He thinks gold has become attractive enough that Main Street investors should consider owning it as part of a diversified portfolio. Everyone's situation is different, but Dalio generally suggests a 5% to 15% allocation to a 'normal' portfolio because it "does very well when other assets don't do well."
He believes that central banks should hold a higher percentage of gold than they currently do—Dalio's personal positioning tilts toward gold rather than bonds, with holdings above his typical level.
Clearly, Dalio is a fan of gold, and I agree.

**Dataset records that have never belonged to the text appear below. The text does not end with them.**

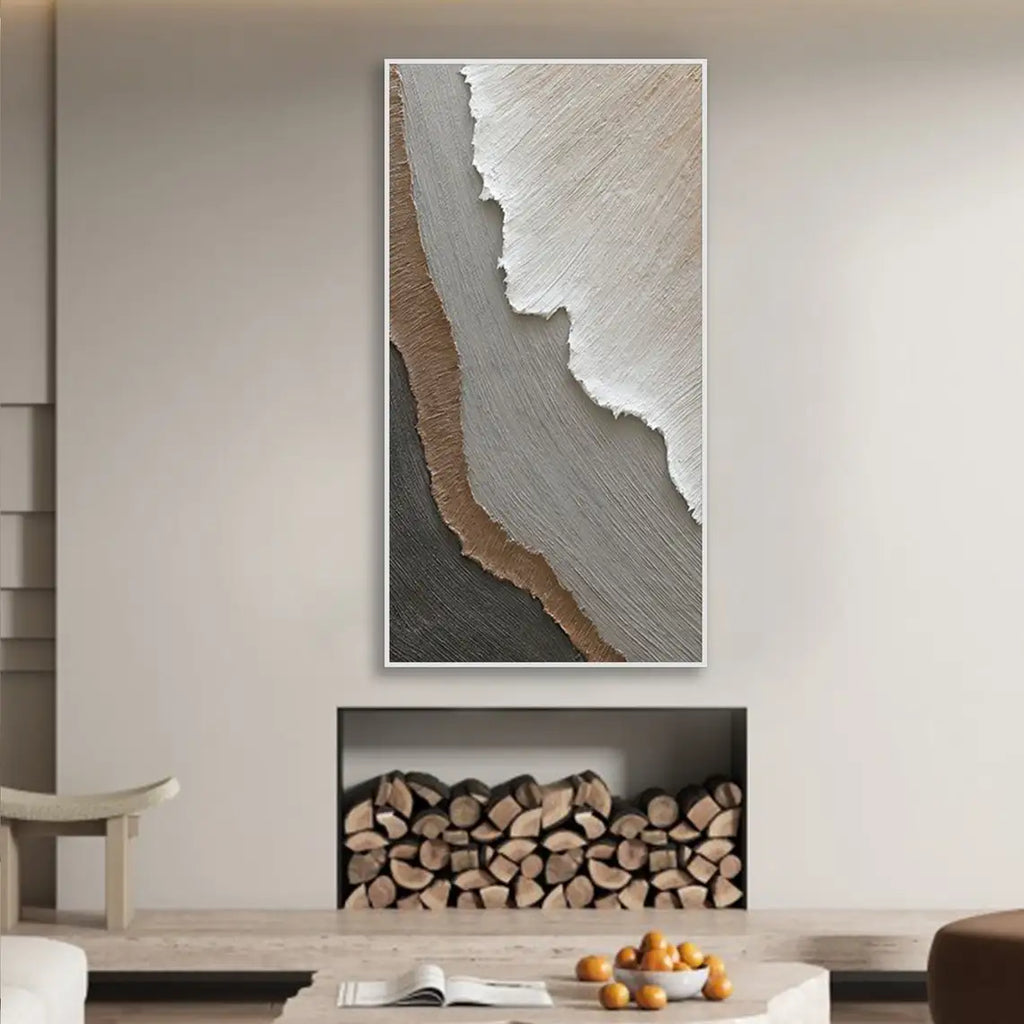 Arte de olas del océano 3D, pintura hecha a mano sobre lienzo, arte de pared con textura de fiesta, arte de pared wabi-sabi, decoración de habitación de moda para sala de estar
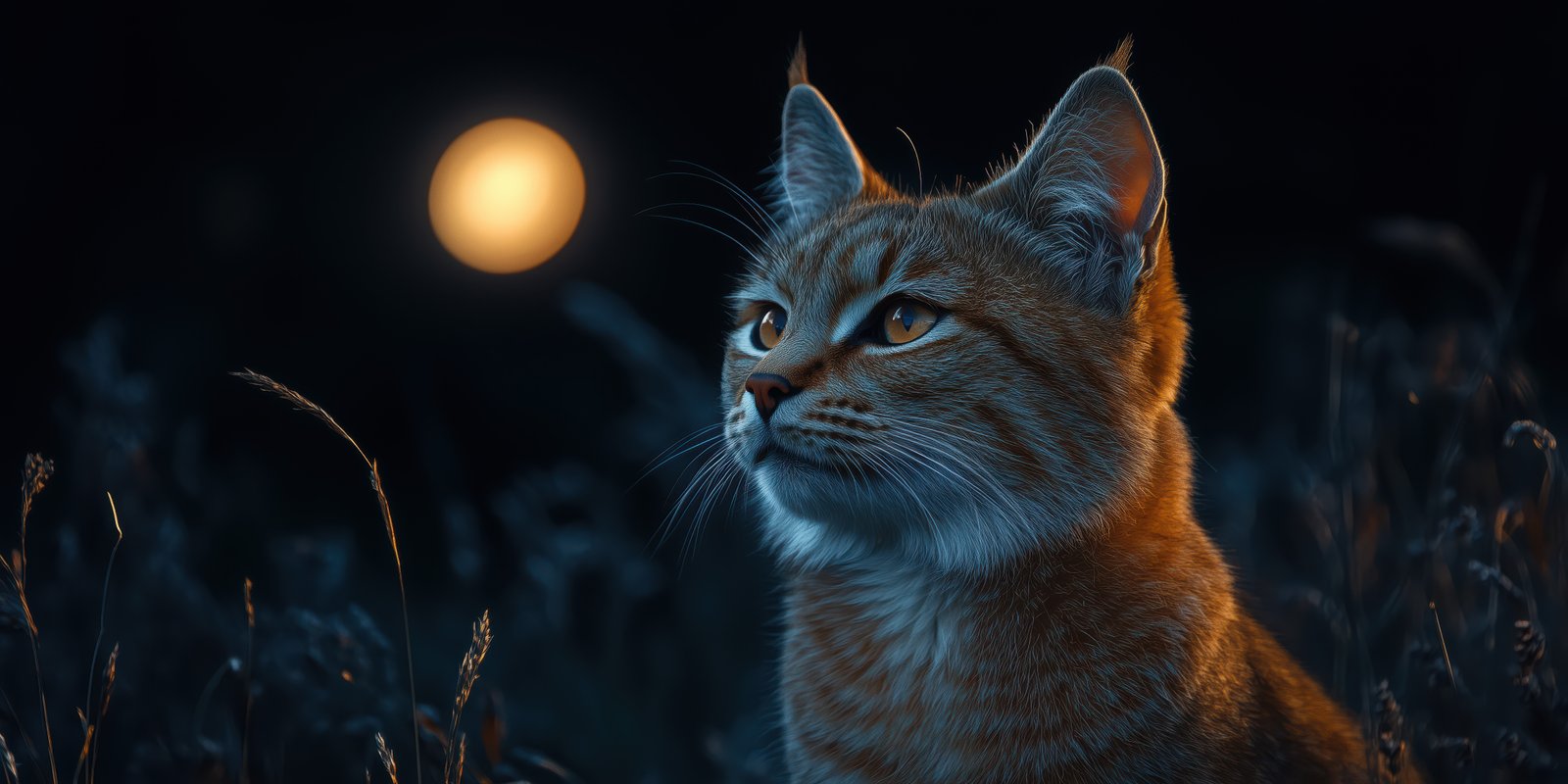 Lynx observes moonlit landscape in tranquil night setting with illuminated surroundings and deep shadow contrasts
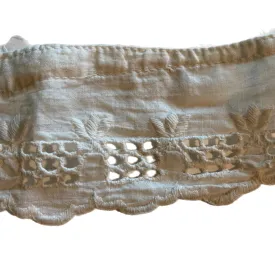 Eyelet Embroidered White Cotton Fabric Trim circa 1900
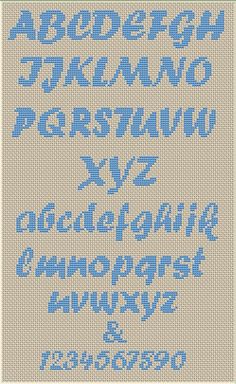 a cross stitch alphabet with the letters and numbers in blue on beige fabric, as well as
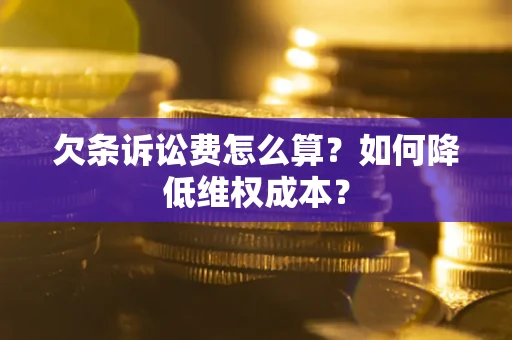 武汉欠条诉讼费怎么算？如何降低维权成本？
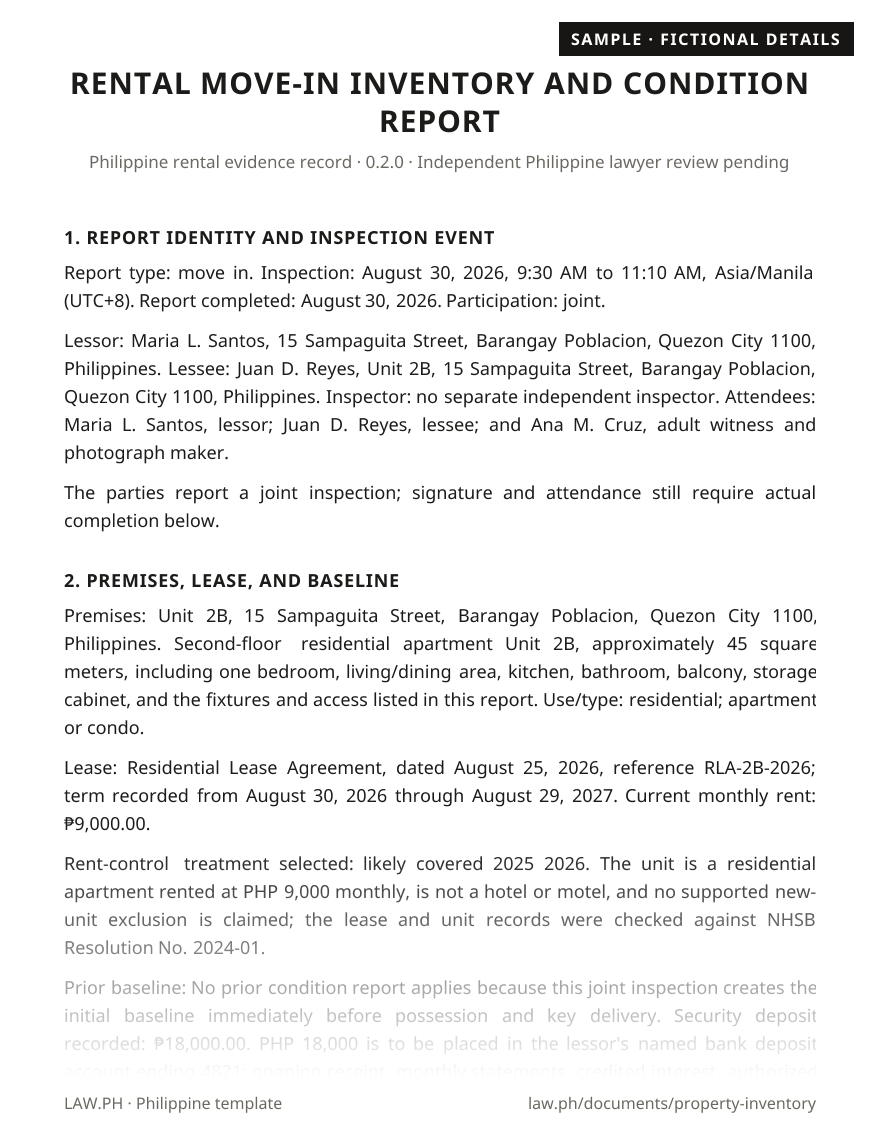Rental inventory and move-in checklist sample, Philippines: first page of the Rental Inventory and Condition Report with fictional details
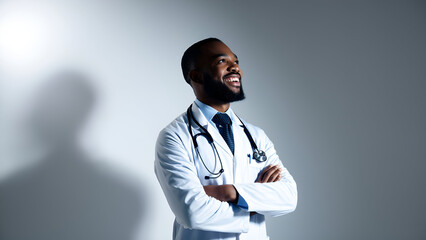 Medical professional in a white coat smiles confidently in a well-lit room during a healthcare consultation in the evening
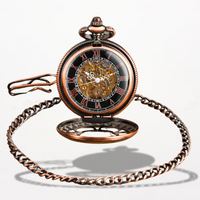 Montre à Gousset Flower Skeleton Or Rose
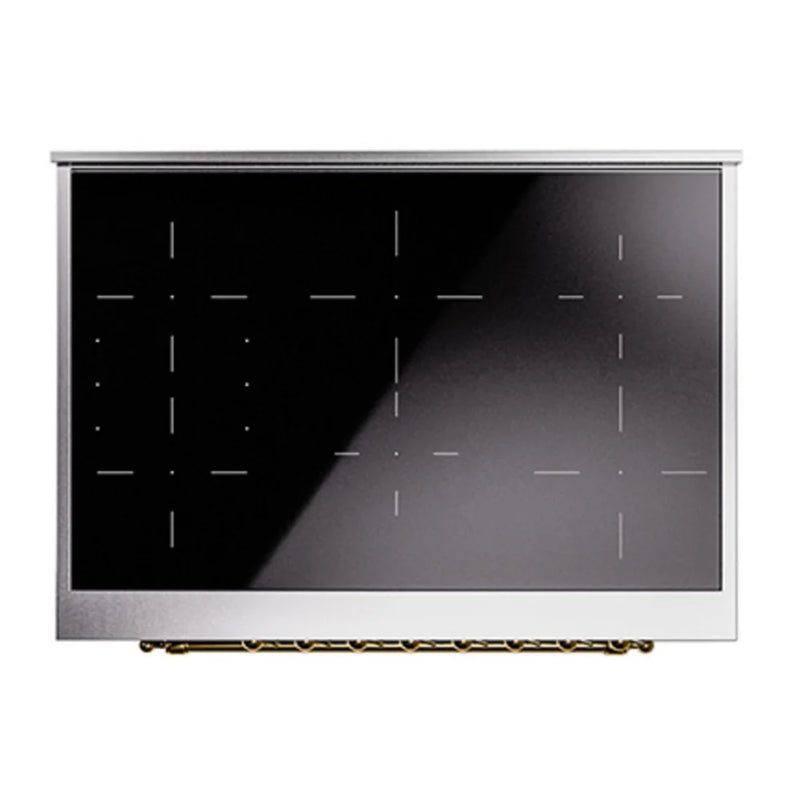ILVE Nostalgie II Noblesse 36" Induction Freestanding Range in Graphite Matte with Brass Trim, UNI366NMPMGG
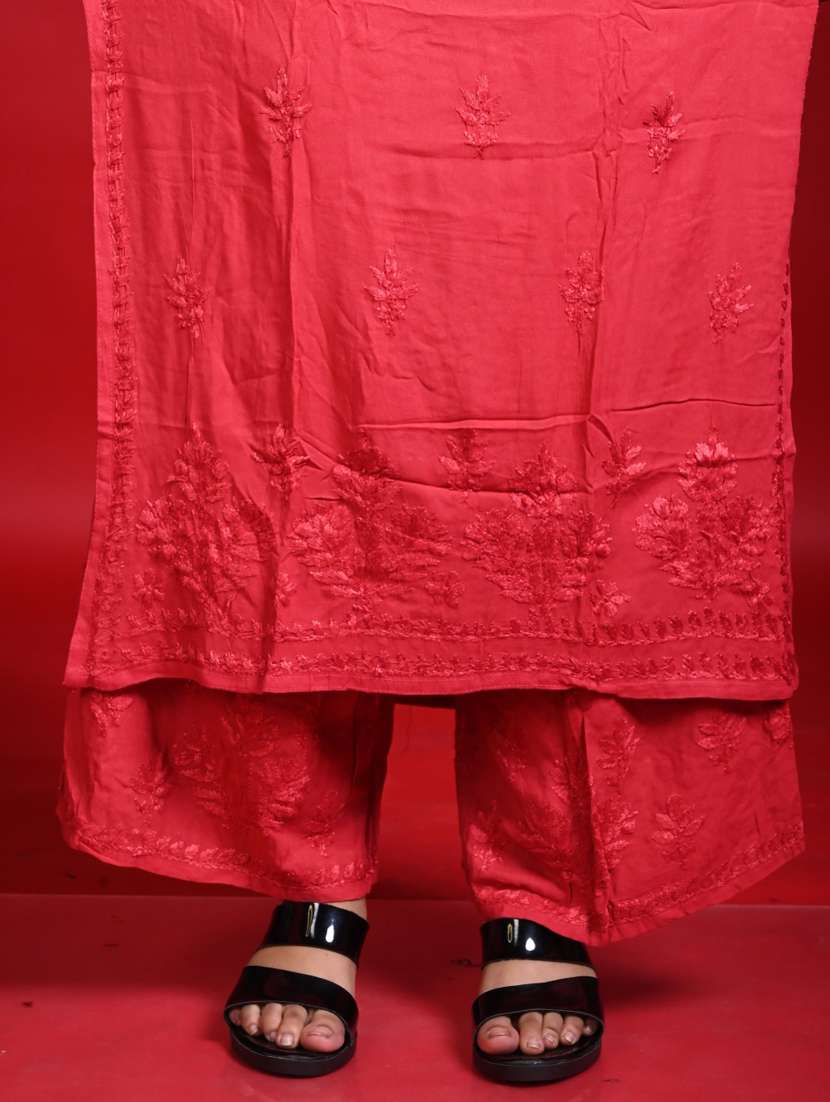 women solid with work long sleeve kurta palazzo set - 22268782 -  Standard Image - 3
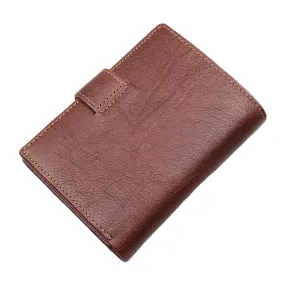 Men Short RFID Anti-magnetic Genuine Leather Wallet Vintage 11 Card Slot Card Case Driver's License Wallet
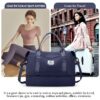 028f6590a71242b4ac52b32d01769c78 Weekender Bags for Women, Travel Duffel Bags with Shoe Compartment,Personal Item Travel Bag for Airlines, Carry on Overnight Tote Bag for women,Beige&Brown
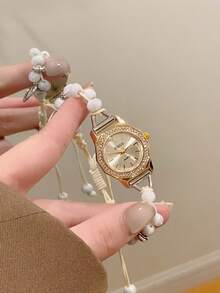 Fashionable Design Women's Quartz Watch Exquisite And Compact Suitable For Daily Matching Birthday/Graduation Gifts Leisure Party Banquets - Gold - View 1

His gold allocation is reasonable to me, and his arguments are similar to those that convinced me to make gold part of my own personal portfolio last November (for full disclosure, it represents 5.5% of my portfolio, the largest allocation I've had since I started investing in the early 1990s).
In short, owning gold doesn't mean avoiding stocks. It simply means Dalio is balancing them less with bonds and more with gold than in the past.
Wall Street gold forecasts point higher
Dalio isn't the only person on Wall Street who thinks gold ought to be in portfolios because of the geopolitical and monetary backdrop. TheStreet's Charley Blaine recently surveyed major banks, and most said they expect gold to gain more ground in 2026.
Goldman Sachs, for example, sees a pathway to gold reaching $4,900 per ounce this year.
"We still see upside risk to our base case that the gold price rises 14% to $4,900 by Dec 26 from a potential broadening of diversification to private investors," wrote Goldman Sachs in a research note shared with me. "Central banks will continue to diversify further into gold to hedge geopolitical and financial risks."
According to Goldman Sachs' number crunching, gold ETFs represent just 0.17% of private financial portfolios, about six basis points, or 0.06%, below 2012's high. For every basis point that retail investors increase their allocation to gold, Goldman Sachs estimates that gold prices can increase by 1.4%.
If more individual investors increase their exposure to gold, like I did last year, then it could help underpin additional gains this year, particularly if global unrest continues to push central banks further away from U.S. Treasury bonds.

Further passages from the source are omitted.